=== WHAT YOU WILL DO ===
Among the entries beneath this sentence, how many lines include the word "Patient"? Only the number is wanted.

______

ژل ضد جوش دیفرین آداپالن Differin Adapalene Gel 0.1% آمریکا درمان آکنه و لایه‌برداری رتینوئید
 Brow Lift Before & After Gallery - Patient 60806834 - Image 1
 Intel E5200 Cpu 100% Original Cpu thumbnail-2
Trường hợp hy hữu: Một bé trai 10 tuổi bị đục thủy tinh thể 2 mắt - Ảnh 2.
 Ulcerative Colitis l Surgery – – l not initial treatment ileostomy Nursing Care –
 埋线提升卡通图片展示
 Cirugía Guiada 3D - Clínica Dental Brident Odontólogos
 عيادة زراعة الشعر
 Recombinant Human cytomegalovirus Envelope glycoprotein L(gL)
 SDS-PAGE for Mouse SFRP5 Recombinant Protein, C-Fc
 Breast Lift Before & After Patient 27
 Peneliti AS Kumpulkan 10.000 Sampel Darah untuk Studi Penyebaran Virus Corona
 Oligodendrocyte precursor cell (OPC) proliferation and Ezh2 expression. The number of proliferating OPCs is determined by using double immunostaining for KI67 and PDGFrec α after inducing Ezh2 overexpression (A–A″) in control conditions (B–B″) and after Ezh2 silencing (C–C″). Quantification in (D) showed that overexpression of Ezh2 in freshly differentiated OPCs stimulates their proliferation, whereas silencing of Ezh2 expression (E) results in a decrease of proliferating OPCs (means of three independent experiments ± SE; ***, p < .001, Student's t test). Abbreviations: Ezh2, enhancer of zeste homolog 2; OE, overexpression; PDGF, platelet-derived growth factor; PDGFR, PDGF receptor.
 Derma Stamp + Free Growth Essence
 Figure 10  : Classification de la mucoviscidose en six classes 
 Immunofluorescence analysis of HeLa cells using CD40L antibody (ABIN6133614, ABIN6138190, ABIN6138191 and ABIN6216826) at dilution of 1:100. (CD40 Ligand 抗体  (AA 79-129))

______

=== YOUR SOLUTION ===
2